Ramsey-Moore also expressed gratitude to former PM Dr Keith Rowley and all he did for the steelpan movement over the past two years, such as encouraging the organisation to revive the National Steelband Music Festival after an 11-year hiatus, putting pan on the coat of arms, getting it formally declared the country’s national instrument and encouraging the United Nations to declare August 11 World Steelpan Day.

“Pan is more than the music, pan is a social force. It impacts our lives, our communities and therefore, we are extremely important to TT.”

Thanking the government and corporate sponsors for their support, she said $4.9 million in prize money was distributed to the 2024 National Steelband Music Festival winners and $14.6 million for the Junior and Senior Panorama competitions.

But, she said, Pan Trinbago asked for an increase in prize money when it submitted its 2026 budget to the National Carnival Commission.

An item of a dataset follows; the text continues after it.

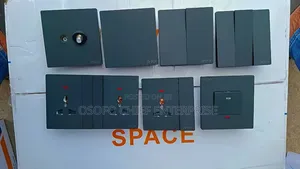Black Design Double Socket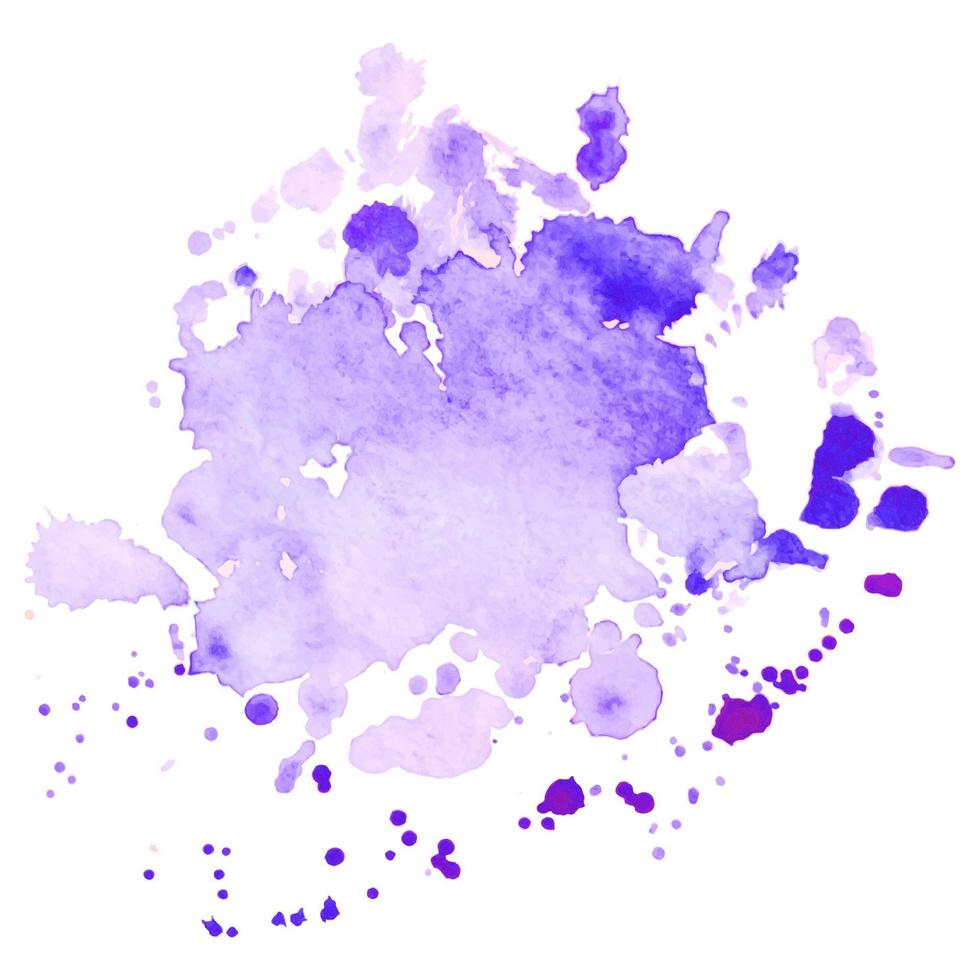 Abstract isolated colorful vector watercolor stain. Grunge element for paper design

Mitchell said the government worked with Pan Trinbago to make a World Steelpan Festival, make the movement attractive enough to corporate stakeholders to get involved in the movement and get intellectual property for the steelpan.

Government financial support for steelpan also increased this year. Sixty unsponsored steelbands got $10,000, an increase from $7,000; 89 conventional bands got $20,000, up from $15,000; and remittances to all the players who participated in Panorama 2025 were increased from $500 to $800.

A total of $25 million in prize money and remittances were distributed.

Mitchell said the event was a celebration of the winners, and all that was accomplished in the steelpan movement through hard work and accountability, good governance and partnership.

“There is a lot more that we must accomplish. Give us the opportunity to continue to build upon what we have been doing together.”